Por Benjamín Cuéllar
Belisario Betancur, importante actor en la historia de nuestra posguerra tras presidir la Comisión de la Verdad para El Salvador, gobernó Colombia de 1982 a 1986. De su mandato, destaco tres escenarios: los embates del “narcoterrorismo”, la toma del Palacio de Justicia por el Movimiento 19 de abril –conocido como “M-19”‒ y la firma de acuerdos para frenar las hostilidades y zanjar políticamente el conflicto armado, tanto con esta organización como con el Ejército Popular de Liberación (EPL) y las Fuerzas Armadas Revolucionarias de Colombia (FARC). Pasaron más de tres décadas plagadas de grandes dificultades y serios tropiezos, desencuentros y hechos sangrientos, hasta poder sentarse a conversar y coronar exitosamente las negociaciones con esta última agrupación el 24 de noviembre del 2016 siendo presidente Juan Manuel Santos.
No fue tranquila esa operación culminada después de altos al fuego, treguas, diálogos y pactos fallidos, asesinatos y desapariciones forzadas. “Al firmar este acuerdo como presidente de todos los colombianos –afirmó Santos– quiero invitarlos a que con la mente y el corazón abierto le demos la oportunidad a la paz”.
Tampoco ha sido fácil nuestro recorrido hasta llegar a la situación en que nos encontramos, la cual no es nada halagüeña.
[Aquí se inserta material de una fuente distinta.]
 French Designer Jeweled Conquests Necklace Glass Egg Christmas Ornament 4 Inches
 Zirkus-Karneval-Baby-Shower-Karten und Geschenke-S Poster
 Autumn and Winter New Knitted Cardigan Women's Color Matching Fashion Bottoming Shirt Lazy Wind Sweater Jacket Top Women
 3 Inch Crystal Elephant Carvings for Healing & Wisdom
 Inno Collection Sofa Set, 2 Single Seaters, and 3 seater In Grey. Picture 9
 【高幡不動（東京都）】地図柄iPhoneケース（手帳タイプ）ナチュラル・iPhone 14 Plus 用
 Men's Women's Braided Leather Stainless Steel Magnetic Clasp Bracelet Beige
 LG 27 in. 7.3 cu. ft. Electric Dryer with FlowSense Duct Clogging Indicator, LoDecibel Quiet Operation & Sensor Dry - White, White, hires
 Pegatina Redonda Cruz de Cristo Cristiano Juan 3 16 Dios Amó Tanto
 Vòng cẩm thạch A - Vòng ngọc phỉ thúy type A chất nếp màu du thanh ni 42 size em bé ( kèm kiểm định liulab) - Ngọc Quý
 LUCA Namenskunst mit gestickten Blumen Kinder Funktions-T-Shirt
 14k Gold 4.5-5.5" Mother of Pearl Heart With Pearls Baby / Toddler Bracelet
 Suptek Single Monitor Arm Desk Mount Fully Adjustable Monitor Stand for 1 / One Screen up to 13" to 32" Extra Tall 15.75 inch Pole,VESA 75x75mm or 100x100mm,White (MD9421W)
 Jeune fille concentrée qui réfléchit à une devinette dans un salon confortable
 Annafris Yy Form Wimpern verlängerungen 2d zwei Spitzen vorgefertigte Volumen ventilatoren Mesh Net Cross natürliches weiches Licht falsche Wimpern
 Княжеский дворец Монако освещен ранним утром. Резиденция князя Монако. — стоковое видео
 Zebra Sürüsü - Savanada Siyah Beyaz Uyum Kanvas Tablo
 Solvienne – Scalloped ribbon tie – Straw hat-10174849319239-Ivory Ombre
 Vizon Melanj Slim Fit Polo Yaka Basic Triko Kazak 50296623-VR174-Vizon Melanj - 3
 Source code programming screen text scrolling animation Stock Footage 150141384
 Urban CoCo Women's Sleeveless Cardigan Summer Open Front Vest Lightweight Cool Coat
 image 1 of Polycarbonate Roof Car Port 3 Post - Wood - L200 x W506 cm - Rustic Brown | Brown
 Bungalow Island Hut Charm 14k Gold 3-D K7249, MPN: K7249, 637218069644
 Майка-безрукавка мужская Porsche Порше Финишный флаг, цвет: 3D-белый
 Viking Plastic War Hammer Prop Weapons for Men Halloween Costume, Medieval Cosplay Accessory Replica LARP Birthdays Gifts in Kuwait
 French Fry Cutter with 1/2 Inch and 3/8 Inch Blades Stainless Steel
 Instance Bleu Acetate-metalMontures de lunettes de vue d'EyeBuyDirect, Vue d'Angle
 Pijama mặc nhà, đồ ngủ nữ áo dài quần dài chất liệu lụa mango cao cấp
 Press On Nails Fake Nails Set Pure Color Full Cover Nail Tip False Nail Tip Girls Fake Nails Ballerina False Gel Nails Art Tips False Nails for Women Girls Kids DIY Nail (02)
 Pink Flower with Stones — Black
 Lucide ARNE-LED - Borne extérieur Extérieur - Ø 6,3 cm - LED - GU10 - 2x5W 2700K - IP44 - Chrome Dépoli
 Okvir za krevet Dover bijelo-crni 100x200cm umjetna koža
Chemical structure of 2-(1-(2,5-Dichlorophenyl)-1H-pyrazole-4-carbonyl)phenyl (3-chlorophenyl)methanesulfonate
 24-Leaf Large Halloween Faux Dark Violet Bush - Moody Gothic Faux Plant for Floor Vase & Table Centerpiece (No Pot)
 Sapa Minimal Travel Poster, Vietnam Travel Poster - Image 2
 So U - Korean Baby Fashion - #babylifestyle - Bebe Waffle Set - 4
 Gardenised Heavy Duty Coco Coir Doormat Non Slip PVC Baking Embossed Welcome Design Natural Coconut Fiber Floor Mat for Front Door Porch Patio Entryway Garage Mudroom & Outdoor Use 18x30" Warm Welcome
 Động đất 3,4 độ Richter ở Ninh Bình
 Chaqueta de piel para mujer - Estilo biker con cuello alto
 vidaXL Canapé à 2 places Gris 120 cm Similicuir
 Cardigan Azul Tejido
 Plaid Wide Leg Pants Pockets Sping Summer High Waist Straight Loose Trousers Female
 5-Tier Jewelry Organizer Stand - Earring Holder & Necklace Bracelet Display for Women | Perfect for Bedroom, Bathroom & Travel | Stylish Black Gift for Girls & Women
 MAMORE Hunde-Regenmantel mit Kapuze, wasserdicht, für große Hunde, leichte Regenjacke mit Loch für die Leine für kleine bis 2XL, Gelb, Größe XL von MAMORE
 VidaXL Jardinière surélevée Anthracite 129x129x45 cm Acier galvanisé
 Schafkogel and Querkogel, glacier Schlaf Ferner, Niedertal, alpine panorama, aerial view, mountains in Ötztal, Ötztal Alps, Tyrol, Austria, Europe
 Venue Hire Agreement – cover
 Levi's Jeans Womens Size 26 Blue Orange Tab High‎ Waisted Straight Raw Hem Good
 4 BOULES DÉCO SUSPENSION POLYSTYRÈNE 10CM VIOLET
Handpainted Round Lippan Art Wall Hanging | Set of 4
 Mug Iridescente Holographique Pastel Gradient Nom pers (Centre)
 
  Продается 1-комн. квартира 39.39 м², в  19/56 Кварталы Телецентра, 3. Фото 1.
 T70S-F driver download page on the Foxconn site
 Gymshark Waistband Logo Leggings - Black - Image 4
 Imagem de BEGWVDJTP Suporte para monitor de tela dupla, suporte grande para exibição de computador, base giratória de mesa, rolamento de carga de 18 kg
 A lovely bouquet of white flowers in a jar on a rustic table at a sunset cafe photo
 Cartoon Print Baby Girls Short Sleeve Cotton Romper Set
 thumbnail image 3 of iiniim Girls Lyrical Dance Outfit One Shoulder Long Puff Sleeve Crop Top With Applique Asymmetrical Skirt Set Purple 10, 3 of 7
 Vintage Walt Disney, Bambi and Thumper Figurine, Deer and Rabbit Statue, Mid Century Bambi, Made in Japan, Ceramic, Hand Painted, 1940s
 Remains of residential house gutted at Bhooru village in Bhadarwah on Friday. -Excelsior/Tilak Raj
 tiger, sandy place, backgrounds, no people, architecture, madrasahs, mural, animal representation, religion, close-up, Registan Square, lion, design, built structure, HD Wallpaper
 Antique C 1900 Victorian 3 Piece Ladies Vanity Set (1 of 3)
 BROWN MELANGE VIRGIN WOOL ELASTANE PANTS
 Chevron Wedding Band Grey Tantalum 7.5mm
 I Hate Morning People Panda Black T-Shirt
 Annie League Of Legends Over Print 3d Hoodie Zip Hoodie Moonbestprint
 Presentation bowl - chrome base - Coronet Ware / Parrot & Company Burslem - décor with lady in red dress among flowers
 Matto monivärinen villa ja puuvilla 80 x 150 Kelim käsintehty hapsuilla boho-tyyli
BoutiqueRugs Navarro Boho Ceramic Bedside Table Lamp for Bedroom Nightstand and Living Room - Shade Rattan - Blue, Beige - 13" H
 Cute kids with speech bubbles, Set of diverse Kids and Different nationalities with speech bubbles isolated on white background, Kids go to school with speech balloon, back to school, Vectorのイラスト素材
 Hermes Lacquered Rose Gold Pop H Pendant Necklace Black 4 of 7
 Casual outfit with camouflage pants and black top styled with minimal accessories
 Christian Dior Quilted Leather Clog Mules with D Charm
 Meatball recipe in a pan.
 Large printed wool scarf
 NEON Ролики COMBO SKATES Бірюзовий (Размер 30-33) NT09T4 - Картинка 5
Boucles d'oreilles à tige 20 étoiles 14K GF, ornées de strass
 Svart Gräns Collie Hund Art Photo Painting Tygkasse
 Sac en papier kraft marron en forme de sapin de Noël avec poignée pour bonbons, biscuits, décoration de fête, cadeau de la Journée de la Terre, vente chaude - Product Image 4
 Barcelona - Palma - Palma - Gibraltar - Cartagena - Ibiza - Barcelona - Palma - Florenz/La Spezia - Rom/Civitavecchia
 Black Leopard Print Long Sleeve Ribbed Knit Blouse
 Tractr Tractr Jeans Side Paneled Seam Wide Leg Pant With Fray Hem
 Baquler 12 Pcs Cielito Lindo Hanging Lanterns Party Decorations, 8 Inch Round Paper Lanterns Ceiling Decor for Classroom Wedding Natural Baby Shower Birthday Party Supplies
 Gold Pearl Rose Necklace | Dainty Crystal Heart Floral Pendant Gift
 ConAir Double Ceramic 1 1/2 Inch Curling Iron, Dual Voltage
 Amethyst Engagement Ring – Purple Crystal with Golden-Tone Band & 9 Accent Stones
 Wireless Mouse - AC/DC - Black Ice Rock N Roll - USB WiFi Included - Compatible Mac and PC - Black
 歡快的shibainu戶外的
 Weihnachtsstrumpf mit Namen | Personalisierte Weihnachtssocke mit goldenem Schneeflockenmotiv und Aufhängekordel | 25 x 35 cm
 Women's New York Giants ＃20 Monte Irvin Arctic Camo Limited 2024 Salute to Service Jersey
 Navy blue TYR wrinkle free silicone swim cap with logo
En mi país se desperdiciaron, irresponsablemente, varios chances para evitar la confrontación bélica; más bien se abonó el terreno para su estallido con fraudes electorales, represión contra la oposición y graves violaciones de derechos humanos por razones políticas. Así, explotó la bomba de tiempo llamada El Salvador al enfrentarse en el campo de batalla cinco fuerzas rebeldes –unidas bajo una sola bandera– contra un régimen oprobioso que, mediante el terrorismo estatal, le cerró todas las puertas a cualquier posible solución civilizada para superar los problemas estructurales del país; problemas históricos que, a falta de otras alternativas, a final de cuentas terminaron forzando a que buena parte de la población tomara las armas para alzarse contra la dictadura militar.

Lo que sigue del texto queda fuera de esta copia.